[Scraped caption text data]
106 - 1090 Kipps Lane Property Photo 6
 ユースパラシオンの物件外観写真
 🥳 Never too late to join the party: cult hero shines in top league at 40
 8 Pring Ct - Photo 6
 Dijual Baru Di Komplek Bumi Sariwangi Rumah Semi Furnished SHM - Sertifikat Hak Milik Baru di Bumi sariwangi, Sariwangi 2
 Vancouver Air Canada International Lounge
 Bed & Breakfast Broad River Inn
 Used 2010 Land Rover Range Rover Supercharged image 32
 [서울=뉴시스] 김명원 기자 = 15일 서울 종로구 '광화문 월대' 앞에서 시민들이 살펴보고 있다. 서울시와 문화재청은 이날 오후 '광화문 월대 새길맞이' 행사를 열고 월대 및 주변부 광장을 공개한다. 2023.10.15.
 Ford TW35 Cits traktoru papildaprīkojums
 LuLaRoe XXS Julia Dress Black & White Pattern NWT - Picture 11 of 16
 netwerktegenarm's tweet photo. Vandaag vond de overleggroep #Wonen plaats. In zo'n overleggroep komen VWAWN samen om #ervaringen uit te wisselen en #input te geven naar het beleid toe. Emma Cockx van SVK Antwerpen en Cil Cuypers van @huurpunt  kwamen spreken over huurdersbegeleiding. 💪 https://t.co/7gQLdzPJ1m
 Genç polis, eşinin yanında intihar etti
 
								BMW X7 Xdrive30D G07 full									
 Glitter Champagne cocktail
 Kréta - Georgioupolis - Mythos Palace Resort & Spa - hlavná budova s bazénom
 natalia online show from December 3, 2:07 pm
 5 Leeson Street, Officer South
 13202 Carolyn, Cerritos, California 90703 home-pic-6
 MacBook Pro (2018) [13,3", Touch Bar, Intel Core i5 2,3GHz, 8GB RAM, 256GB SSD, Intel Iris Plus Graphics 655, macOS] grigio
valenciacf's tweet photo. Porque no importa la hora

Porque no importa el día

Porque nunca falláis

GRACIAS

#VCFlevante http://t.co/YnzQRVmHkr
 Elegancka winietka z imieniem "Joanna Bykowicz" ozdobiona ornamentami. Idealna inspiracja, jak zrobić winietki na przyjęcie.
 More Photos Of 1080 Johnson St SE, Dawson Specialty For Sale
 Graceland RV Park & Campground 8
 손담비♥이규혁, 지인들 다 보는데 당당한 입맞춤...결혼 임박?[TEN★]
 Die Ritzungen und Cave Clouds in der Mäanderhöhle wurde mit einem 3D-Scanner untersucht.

### Work task
Please go through the data above and copy every line that has the word "tweet".

### Solution to this exercise
 netwerktegenarm's tweet photo. Vandaag vond de overleggroep #Wonen plaats. In zo'n overleggroep komen VWAWN samen om #ervaringen uit te wisselen en #input te geven naar het beleid toe. Emma Cockx van SVK Antwerpen en Cil Cuypers van @huurpunt  kwamen spreken over huurdersbegeleiding. 💪 https://t.co/7gQLdzPJ1m
valenciacf's tweet photo. Porque no importa la hora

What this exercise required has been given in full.